Bankrupt Ex-Billionaire Sam Wyly Settles A $1.3 Billion Tax Bill—For Just $500 Million

(Forbes) Sam Wyly is something of a celebrity at his Dallas retirement home. The former billionaire is often stopped while walking the long, air-conditioned hallways (his goal is 1.5 miles a day) or reading in the dining hall at Edgemere, which houses 300 of the city’s well-heeled seniors. “A lot of people will thank me for making their late husbands rich or somebody in their family rich. Or thank me because somebody had a good job working for one of my companies,” says Wyly, 85. “They’re nice folks.”

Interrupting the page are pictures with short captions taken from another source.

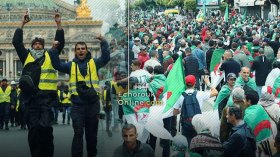 حراكنا شأن داخلي.. ولتتكلموا عن “السترات الصفراء” في باريس!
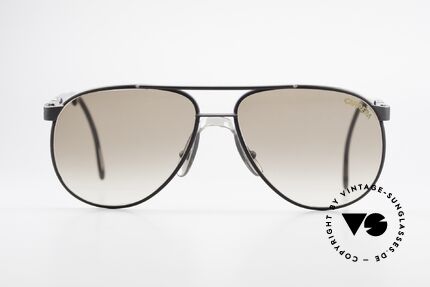 Carrera 5348 Vario Sport Sonnenbrille 80er, klassisch & sportlich zugleich (typisch Carrera), Passend für Herren und Damen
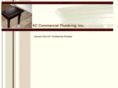 kccommercialplumbing.com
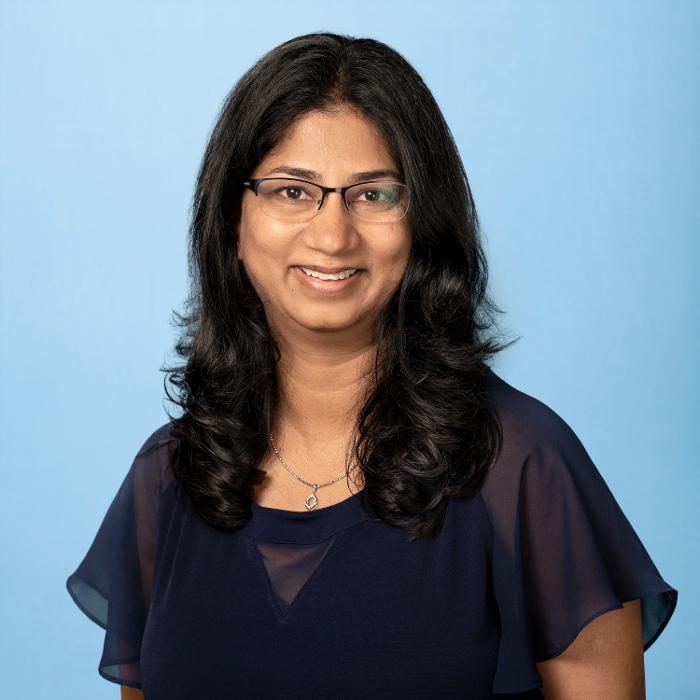 Lakshmi Devi Mandava Logo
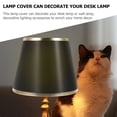 thumbnail image 3 of HINTRMENT 1 Set Replacement Lamp Shades for Table Lamps 7.47X7.47X6.68in, 3 of 5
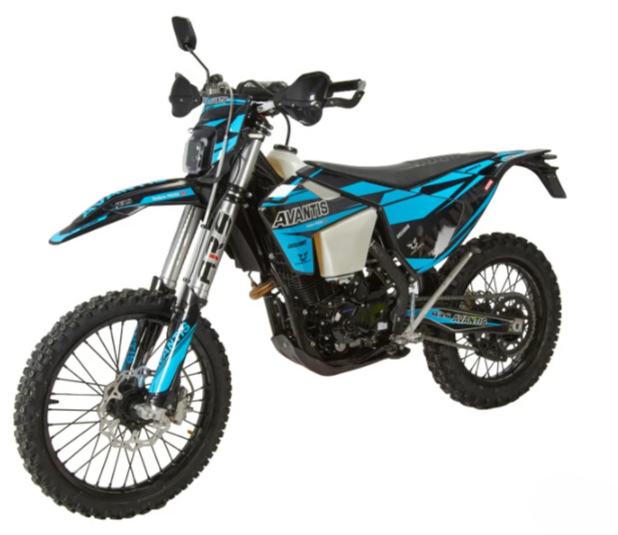 Мотоцикл Avantis Enduro 250 EFI Exclusive (PR250/172FMM-3A) ARS BB300 ПТС (2024) в Новочебоксарске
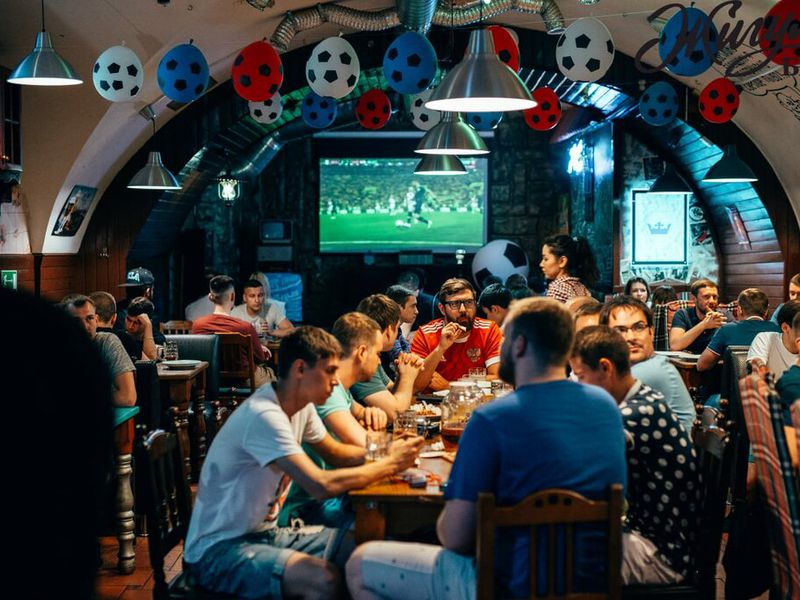 Бар-хоппинг в Казани (2/5)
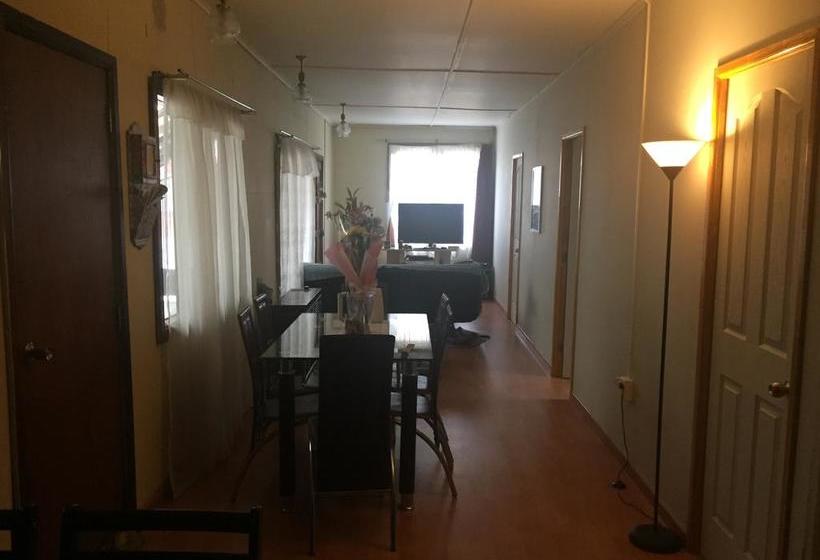 Bed and Breakfast Hostal Central | Punta Arenas | Magallanes y Antartica | Chile 11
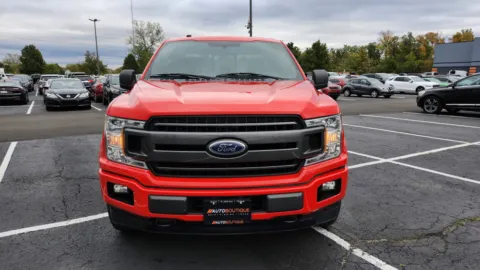 Another view of 2018 Ford F-150 XLT for sale in Columbus, OH at Auto Boutique Ohio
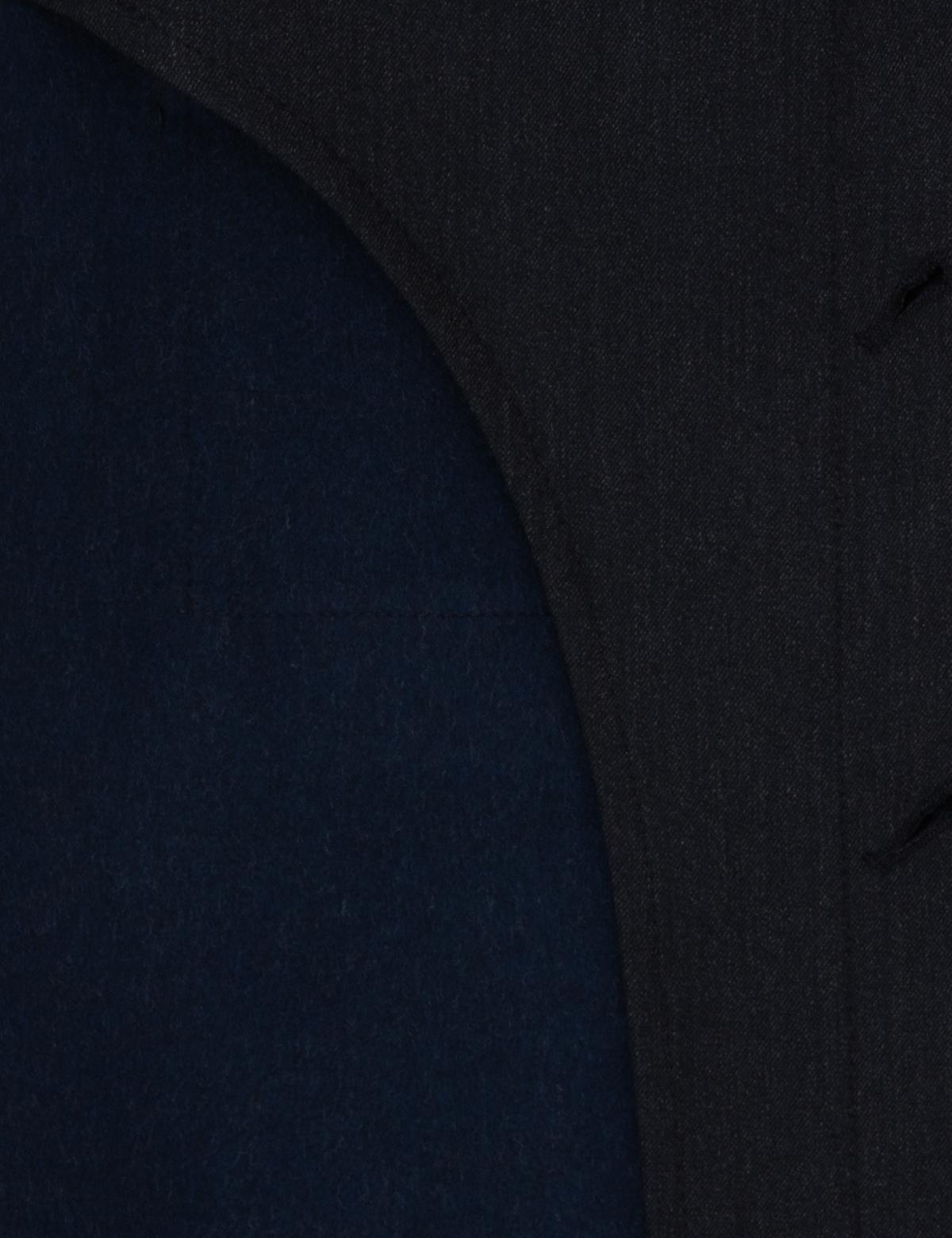 Lacivert Regular Fit Gömlek Ceket - 50311561041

Wyly wants to be known for building the arts-and-crafts chain Michael’s and several other companies, which first catapulted him onto Forbes’ list of the richest Americans in 2000, with a net worth of $750 million. He’s better known, however, for being a convicted tax cheat. In 2010, the Securities and Exchange Commission and the Internal Revenue Service targeted him and his now-deceased brother, Charles, in one of the largest tax evasion cases in history, accusing them of utilizing a tangled web of offshore trusts to hide stock sales that generated hundreds of millions in ill-gotten profits. Wyly ultimately was convicted—and socked with a whopping $1.3 billion bill for back taxes, interest and penalties, with $200 million of that owed to the SEC and $1.1 billion to the IRS.

But according to his oldest son Evan Wyly and his lawyer Jim Lee, Wyly is now in the clear. He paid the SEC the full $200 million owed, and the IRS agreed in October to accept $300 million, which means he ultimately got away with paying just $500 million—a $800 million reduction. He paid all of his back taxes, but was unable to pony up the full amount of interest and penalties, says Evan Wyly. (A spokesperson for the IRS declined to comment, citing federal law that “prohibits the IRS from commenting or appearing to comment on specific taxpayers situations.”)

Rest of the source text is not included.